Le marché de détail islamique en France s'éleverait à 3 milliards d'euros

9:27 - May 19, 2009
Code de l'info: 1780261
France(IQNA)- Jean-Paul Laramée est le directeur général de Secure Finance et spécialiste de la finance islamique en France.
Interview réalisée avec Jean-Paul Laramée, directeur général de Secure Finance et spécialiste de la finance islamique:
-Comment expliquez-vous que la finance islamique soit tant médiatisée aujourd'hui en France ?
-Le président de la République Nicolas Sarkozy, au moment de son élection a clairement affiché sa volonté d'accroître la compétitivité de la place financière de Paris, notamment en développant sa capacité d'accueil de la finance islamique, en comblant le retard pris par rapport à Londres et en faisant ainsi de Paris la première « place financière islamique d'Europe».
La localisation de Paris dans la zone euro a vocation à renforcer significativement l‘attractivité de la capitale, eu égard à la liquidité provenant du Golfe, de la Malaisie, de l'Indonésie…
Ces éléments sont exacerbés par le fait que nous traversons une crise, que nous avons de plus en plus besoin en France d'investisseurs extérieurs notamment pour les PME et pour les collectivités locales qui ne reçoivent plus d'argent de Dexia, de la Caisse des dépôts, alors qu'elles ont par ailleurs des quantités de projets à financer.
-Il est estimé un potentiel d'investissement provenant de la finance islamique de près de 10 milliards de dollars dans les entreprises françaises. Qu'en pensez-vous ?
-C'est le chiffre consensuellement retenu. Cela dépendra de plusieurs paramètres. Tout d'abord de la situation financière mondiale. Ensuite de la capacité de la place financière de Paris à développer les possibilités de création de sukuks.
-Justement quel regard portez-vous sur les réformes juridiques entreprises dans le but de favoriser l'émission de sukuk en France ?
-Le gouvernement français a choisi une voie quelque peu différente de celle qui avait été empruntée par Gordon Brown au Royaume Uni à l'époque.
Il a été décidé de ne pas mettre en place de cadre juridique pour spécifiquement faciliter la création de produits financiers islamiques. Ainsi s'agissant des sukuk, on a fait en sorte que ces instruments financiers puissent être émis à partir de la fiducie. En cela une réforme de la législation régissant ce mécanisme est envisagée. La réforme n'est pas officiellement justifiée par le désir de faire croitre le marché de la finance islamique en France.
La modification de cette loi qui date de trois ans, qui n'a pas été beaucoup utilisée et qui est quelque peu rudimentaire est censée permettre la multiplication des possibilités de création de produits financiers issus de la fiducie.

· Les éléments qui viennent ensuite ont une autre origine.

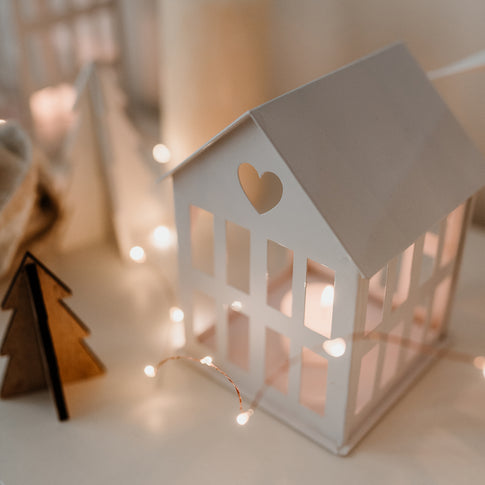 Petite maison métallique blanche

-Pensez-vous que Paris peut aspirer à devenir la capitale de la finance islamique ?
-Nous observons une multiplication des contacts avec les pays qui pratiquent la finance islamique au plus haut niveau de l'Etat. A une époque où une banque islamique se crée tous les quinze jours en Afrique, il sera pratiquement impensable de travailler avec ce continent sur le plan financier et économique si on n'a pas les outils de finance islamique, et les gens compétents qui se spécialiseraient dans le domaine.

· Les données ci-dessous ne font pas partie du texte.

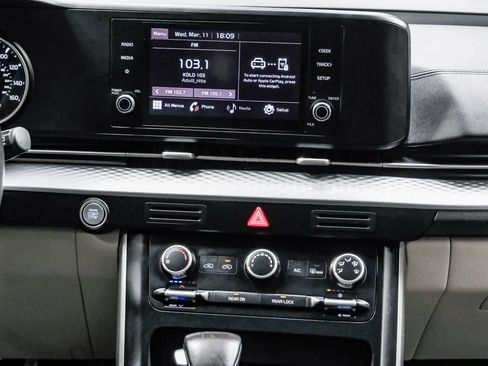 Used 2022 Kia Carnival LX image 8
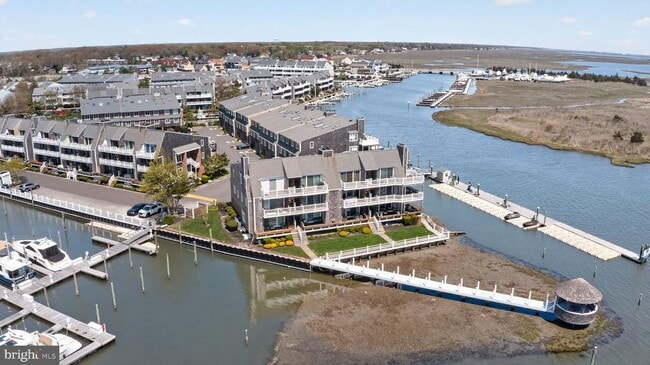 Building Photo - 1401 Harbour Cove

-De quelle manière percevez-vous le développement de l'offre des banques islamiques ?
-Il y a dans notre pays six millions de musulmans. Un certain nombre d'associations, de personnalités militent depuis longtemps pour que l'on ouvre des banques islamiques de détail à l'instar de ce qui s'est fait au Royaume Uni.
En réalité, nous devrions dans un premier temps voir apparaître des banques islamiques dans le domaine de l'investissement, du financement corporate, et celui des collectivités locales (par exemple du grand Paris qui va couter 35 milliards d'euros sur 6 ou 7 ans).
Ces banques devraient opérer en association à hauteur de 20% avec les grandes banques de dépôt. C'est à travers les guichets de ces banques conventionnelles qu'ont vocation à être proposés des produits relativement basiques.